Comparison of optimization techniques for sequence pattern discovery by maximum-likelihood

Among a set of observed relevant DNA sequences coming from a set of co-regulated genes, there exist some short, functional yet hidden sub-sequence patterns which recurrently appear across genomic sequences. The task of sequence pattern discovery, also known as motif discovery, is to uncover these unseen subsequences ab initio and then build a motif model for them. A plethora of motif algorithms has been designed to tackle this problem. This paper aims to compare a set of optimization techniques by consolidating them under the same maximum-likelihood (ML) framework. The framework unifies a suite of motif-finding algorithms by maximizing the same function, that enables a systematic comparison of different optimization schemes as well as provision of practical guidance on using these techniques. As a foundation, the ML framework is built for two categories of iterative optimization techniques (i.e. deterministic and stochastic) capable of exploring the sequence alignment space. The deterministic algorithms are to maximize the likelihood function by performing iteratively greedy local search.
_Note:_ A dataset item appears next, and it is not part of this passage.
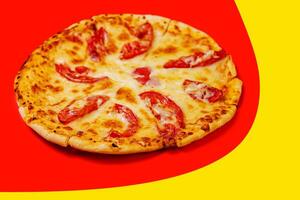 pizza met tomaten en kaas dichtbij omhoog foto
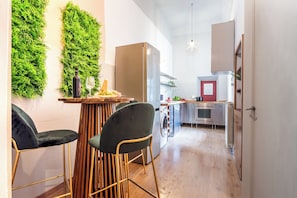 Comfort Apartment | Private kitchen | Fridge, microwave, oven, stovetop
The stochastic algorithms are to iteratively draw motif location samples using Monte Carlo simulation and simultaneously keep track of solutions with local maximum-likelihoods. A total of five ML-based sequence pattern-finding algorithms are developed, evaluated and compared using simulated and real biological sequences. Results show that deterministic algorithms are more time-efficient than its stochastic counterparts, but their performance is not as good as the stochastic algorithms.